Яков угадал в пленном станичника. Дал свою папироску и упрекнул:
— Из одной станицы, а воюем в разных армиях.
— Тебе, вишь, повезло, — заметил пленный, затягиваясь всласть дымом, будто глотая ключевую воду в знойный день, — Тебя Буденный забрал, а меня Мамонтов.
Сделал еще несколько затяжек и произнес:
— Слыхал я, дохтора у вас нет. А в хуторе, где меня взяли, есть фельшерица. Гутарят: поповская дочь, Лидка. Ни кровей, ни мата не страшится. Самому Константину Константиновичу осколок из задницы извлекла.
— Где ж он занозился? — насмешливо полюбопытствовал Паршин.
— Когда мы из Воронежа от броневиков драпали.
— А я думал, ваш Мамонтов только грудь красным показывает, — уже откровенно издевался Паршин. — Ну и не страмно было его превосходительству перед девкой оголяться?
— Да говорю тебе — она ни бога, ни дьявола не боится.
Шпитальный не стал дослушивать их разговор. На коня и в лазарет.
Протиснулся в низенькую комнату, где лежали тяжелораненые, подошел к Дундичу.
— Иван Антонович, есть фершал.
— Где?
— В Белуженском, где мы этого унтера загребли.
Дундич обнял находчивого ординарца и приказал:
— Разыщи Гриппу. Пусть готовит костюмы. Мне того француза.
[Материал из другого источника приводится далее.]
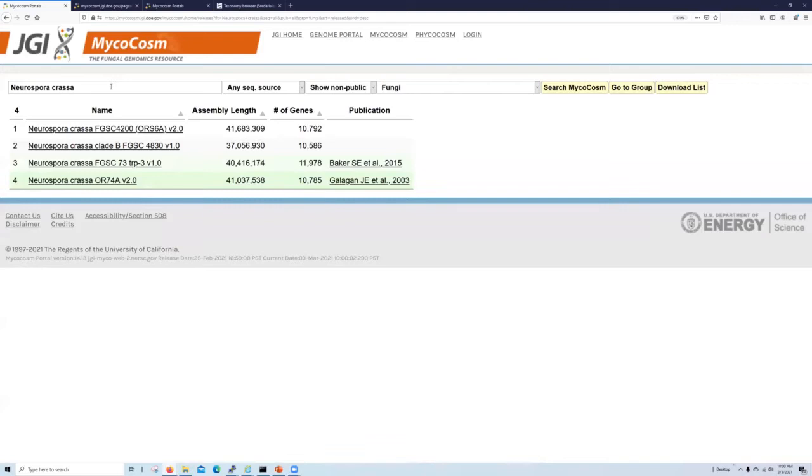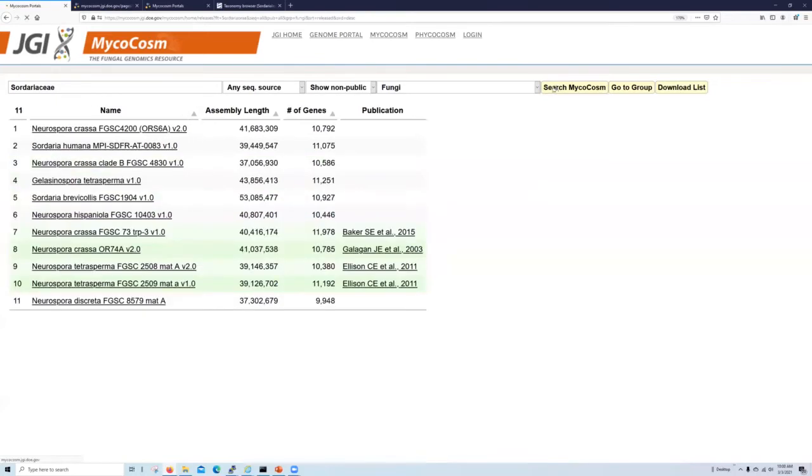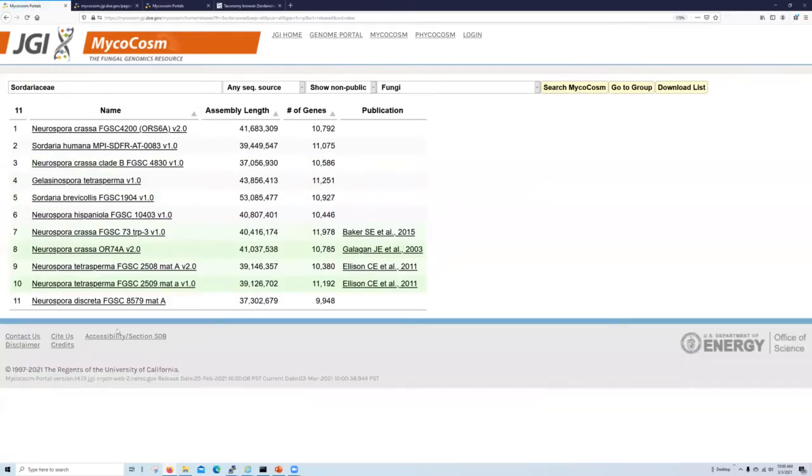We can also search this page using NCBI taxonomy. Say you want to identify some close relatives to Neurospora for comparative genomic analysis. We can search for all of the genomic data available for any organism within the Sordariaceae family, of which Neurospora is a part of, and hit search microcosm, which reveals that we now have 11 genomes available for analysis within this family.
Шпитальный так быстро исчез, что Дундич подумал: не почудился ли он ему? Но густой запах самосада, оставленный ординарцем, заставил поверить в его недавнее присутствие. Иван наклонился над Негошем и попросил потерпеть еще немного, пока не привезет доктора.
Когда Дундич вернулся домой, санитарка Гриппа уже отутюжила голубовато-серый китель капитана французской армии, а Шпитальный водворял на место разноцветные орденские планки.
— Добре, други мои! — восторженно воскликнул Иван Антонович, примеряя китель и фуражку с высоким околышем, но без привычной тульи. И без того продолговатое лицо казалось теперь просто длинным и совершенно непохожим на то, к которому привыкли окружающие.